Pour mieux nous renseigner sur le compte de Miosan, il faut pénétrer dans le modeste intérieur d’un porteur de kango nommé Tofei. Il a jadis servi le prince Teidafu, dont il a eu le malheur de séduire la belle-sœur Kanayo. Il l’a enlevée, emmenée dans sa chaumière auprès de sa vieille mère aveugle, Kutsiwa, et de leurs amours est née une fille, la petite Koyosi. La femme de Teidafu, abandonnée par son mari et gênée pour élever sa fille Miosan, avait eu l’idée de l’envoyer chez sa jeune sœur, dont la retraite ne lui était pas inconnue. La tante reçoit sa nièce avec tendresse, mais malheureusement elle n’a d’autres richesses à lui prodiguer que celles du cœur. La pauvreté s’est assise au foyer de Tofei; il a beau travailler jusqu’à briser son corps de fatigue, il n’arrive pas à gagner ce qu’il faut de riz pour nourrir sa famille. Aussi Miosan ne veut pas rester plus longtemps à sa charge. C’est pour mendier quelques menues pièces de monnaie qu’elle se rend chaque jour au temple; mais ces aumônes ne suffisent pas à faire vivre les siens, il faut plus, il faut qu’elle fasse le sacrifice de sa personne. Un pourvoyeur de la ville de Kamakura lui a fait des propositions qu’elle accepte. Un jour elle quitte la maison, en disant à la vieille Kutsiwa et à la petite Koyosi qu’elle est appelée à l’honneur de servir un puissant seigneur ; elle laisse enfermés dans un jouet les 100 rios, pris du funeste marché qu’elle a conclu, et une lettre où elle explique sa conduite. « Qu’est-ce qu’un pinceau peut dire et laisser sur le papier? Vous avouerai-je, cher époux, que je vous trompais en vous disant que j’allais chaque jour adorer Kwanon-sam a, accompagnée de Koyosi. La vérité est que là je demandais l’aumône, et au retour je prétendais que l’argent ainsi récolté m’était envoyé par mes parens. Faible secours sans doute, mais qui a soulagé quelque temps votre infortune. A la fin, désespérant de voir jamais l’aisance s’établir chez vous et pressentant que vos peines et vos misères iraient toujours en augmentant, je me suis vendue pour 100 rios. Avec cet argent, vous pourrez entreprendre un petit commerce et soigner en même temps Kutsiwa. S’il vous arrivait dans la suite de faire quelque profit, veuillez, je vous prie, envoyer à Kamakura votre superflu, afin que, s’il est possible, mon père renonce à l’existence peu enviable de chevalier errant. »

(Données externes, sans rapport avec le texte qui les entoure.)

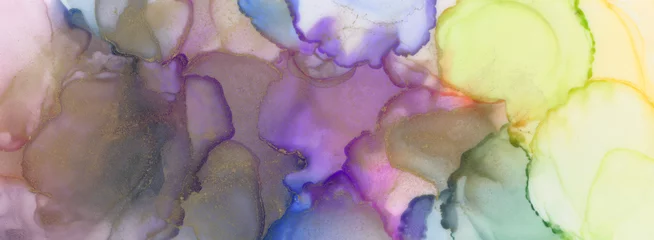 Fotobehang Abstract bubble blot watercolor rainbow color paintting horizontal long background. Marble alcohol ink. © Liliia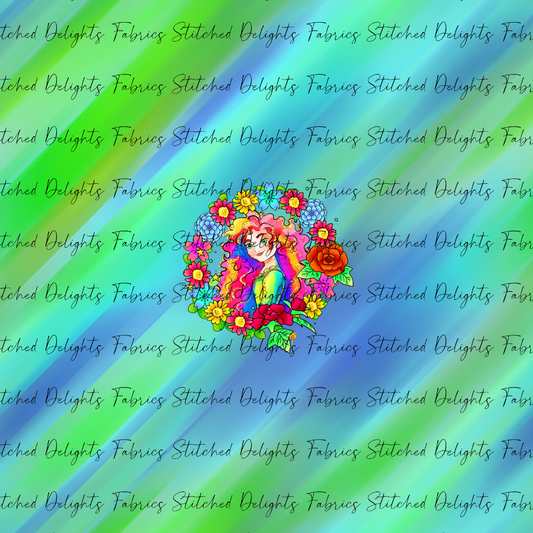 Princesses & Castles Merida Floral Wreaths Blue Green Panel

Ce n’est pas sans peine qu’on persuade à Tofei d’accepter cet argent et de respecter ce marché, que rien ne peut plus rompre. Il se décide enfin à transporter ses pénates à Naniwa en Setziu ; là nous le retrouvons batelier, sa femme tient maison de thé, la vieille mère est guérie, et la famille prospère grâce au capital laissé par Miosan. Nous retrouvons aussi Sakitsi, qui, à force de distraire son chagrin, est devenu un libertin effréné, dont les déportemens affligent vivement sa mère. Un jour, dans la cabane de Tofei, il rencontre, sous le nom de guerre de Komatsu, la belle Miosan, dont le souvenir n’a cessé de le poursuivre depuis leurs rencontres au temple de Nara. Elle ne se rend pas du premier coup à son amour, qu’elle croit banal, comme celui de ses adorateurs habituels; mais, quand elle en a reconnu la sincérité, elle se donne tout entière et exclusivement à son bien-aimé. Le malheur est que cette liaison effraie la mère de Sakitsi, laquelle enferme son fils avec défense de sortir. Mais Hanayo, tante de Komatsu, réussit, sous le déguisement d’une sorcière, à pénétrer jusqu’au jeune homme et lui apprend que le père de Komatsu la réclame, et que, la croyant toujours au service d’un seigneur, il l’a fiancée à un jeune samurai de ses amis. Il faut donc à tout prix racheter Komatsu des mains de son maître actuel et la disputer à son futur époux. Sakitsi est plongé dans une profonde perplexité que vient encore augmenter une réprimande maternelle.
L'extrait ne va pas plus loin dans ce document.